All other shares included in the aforementioned 2,478,293 shares of NYRT
beneficially owned by Bulldog Investors LLC (solely by virtue of its power
to sell or direct the vote of these shares) are also beneficially owned by
clients of Bulldog Investors, LLC who are not members of any group. The
total number of these "non-group" shares is 1,262,115 (representing 0.76%
of NYRT's outstanding shares).

(b)Bulldog Investors,LLC has sole power to dispose of and vote 1,216,178 shares.
Bulldog Investors, LLC has shared power to dispose of and vote 1,262,115 shares.
Certain of Bulldog Investors, LLC's clients (none of whom beneficially own more
than 5% of NYRT's shares) share this power with Bulldog Investors, LLC.  Messrs.
Goldstein, Dakos and Samuels are control persons of Bulldog Investors, LLC.

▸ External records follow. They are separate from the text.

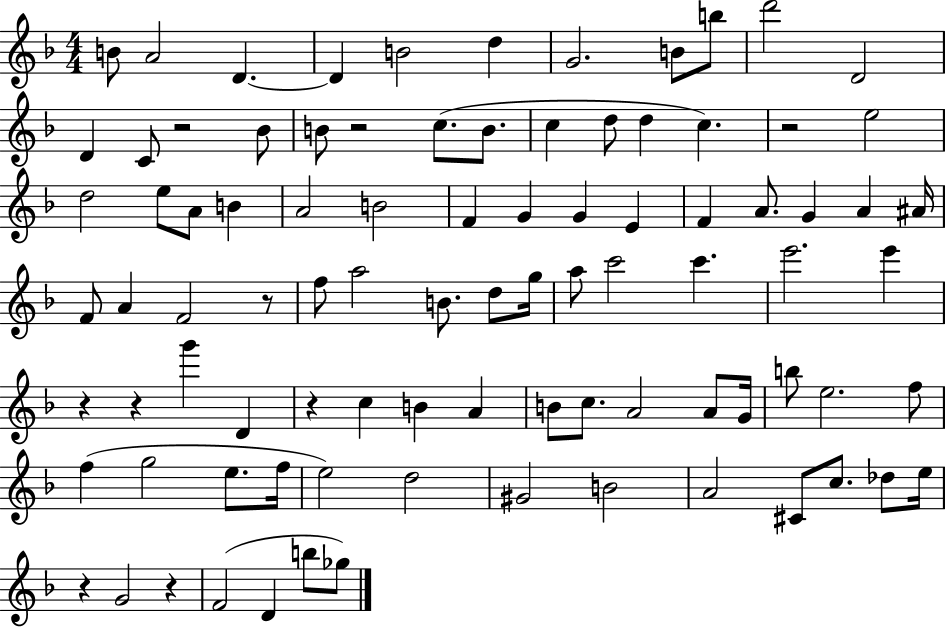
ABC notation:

X:1
T:Untitled
M:4/4
L:1/4
K:F
B/2 A2 D D B2 d G2 B/2 b/2 d'2 D2 D C/2 z2 _B/2 B/2 z2 c/2 B/2 c d/2 d c z2 e2 d2 e/2 A/2 B A2 B2 F G G E F A/2 G A ^A/4 F/2 A F2 z/2 f/2 a2 B/2 d/2 g/4 a/2 c'2 c' e'2 e' z z g' D z c B A B/2 c/2 A2 A/2 G/4 b/2 e2 f/2 f g2 e/2 f/4 e2 d2 ^G2 B2 A2 ^C/2 c/2 _d/2 e/4 z G2 z F2 D b/2 _g/2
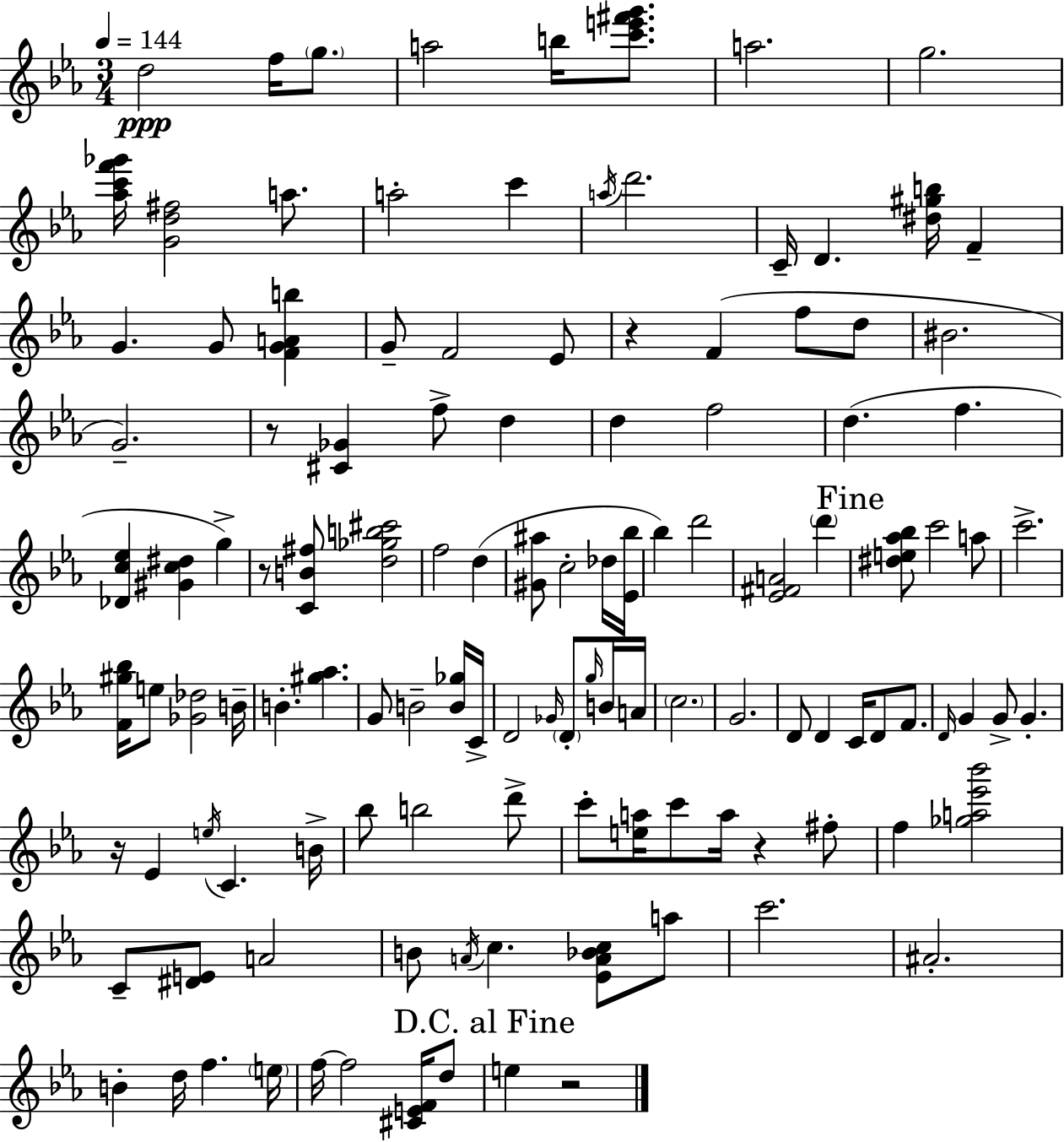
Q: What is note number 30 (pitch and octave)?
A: D5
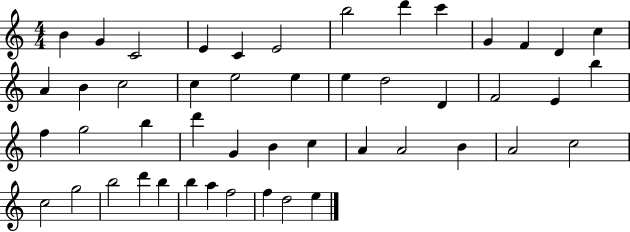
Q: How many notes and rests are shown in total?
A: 48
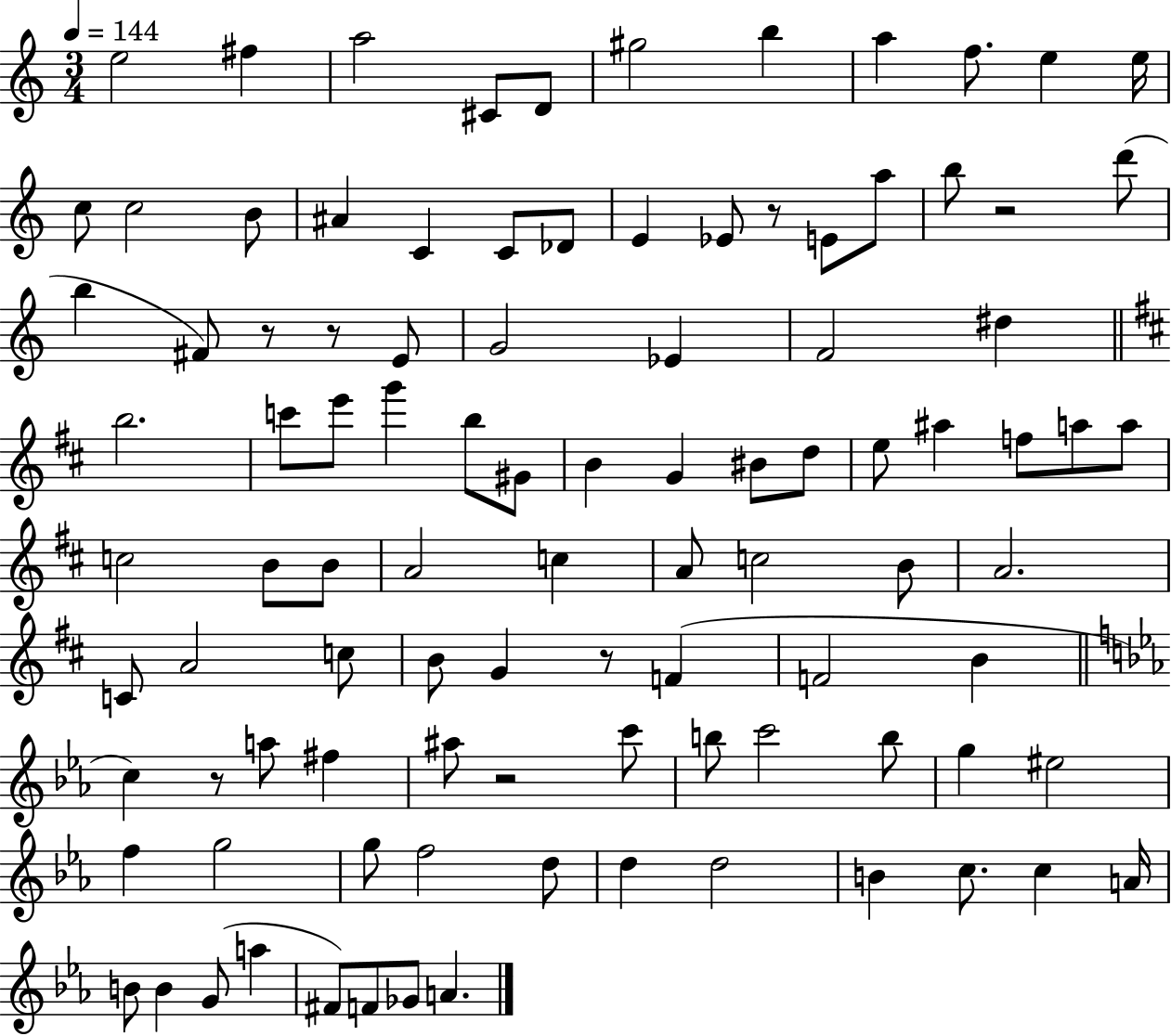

c) During the past 60 days the following shares of NYRT were purchased:

Date:		        Shares:		Price:
08/05/16		57,347		10.0452
08/08/16		59,432		10.0423
08/09/16		50,000		9.9978
08/10/16		8,200		10.0279
08/11/16		50,000		9.9833
08/12/16		54,219		9.9701
08/15/16		13,736		9.9795
08/16/16		25,000		9.9169
08/17/16		25,000		9.8591
08/19/16		6,600		9.9770
08/22/16		20,000		9.8711
08/23/16		19,907		9.7893
08/31/16		11,000		9.6290
09/01/16		25,000		9.5919
09/02/16		51,000		9.6548
09/06/16		38,000		9.5510
09/07/16		22,600		9.5993
09/08/16		50,000		9.5655
09/09/16		25,000		9.3283



d) Clients of Bulldog Investors, LLC are entitled to receive any dividends or
sales proceeds.

e) N/A

ITEM 6. CONTRACTS,ARRANGEMENTS,UNDERSTANDINGS OR RELATIONSHIPS
WITH RESPECT TO SECURITIES OF THE ISSUER.
N/A


ITEM 7. MATERIAL TO BE FILED AS EXHIBITS
Exhibit 1 & Exhibit A


After reasonable inquiry and to the best of my knowledge
and belief, I certify that the information set forth in this
statement is true, complete and correct.

Dated: 10/07/16

By: /S/ Phillip Goldstein
Name:   Phillip Goldstein

By: /S/ Andrew Dakos
Name:   Andrew Dakos


By: /S/ Steven Samuels
Name:   Steven Samuels

Bulldog Investors, LLC
By: /s/ Andrew Dakos
Andrew Dakos, Member

Footnote 1: The reporting persons disclaim beneficial ownership except
to the extent of any pecuniary interest therein.

Exhibit 1:

Agreement to Make Joint Filing

	Agreement made as of the 7th day of October, 2016, by and among
Bulldog Investors, LLC, Phillip Goldstein, Andrew Dakos, and Steven Samuels.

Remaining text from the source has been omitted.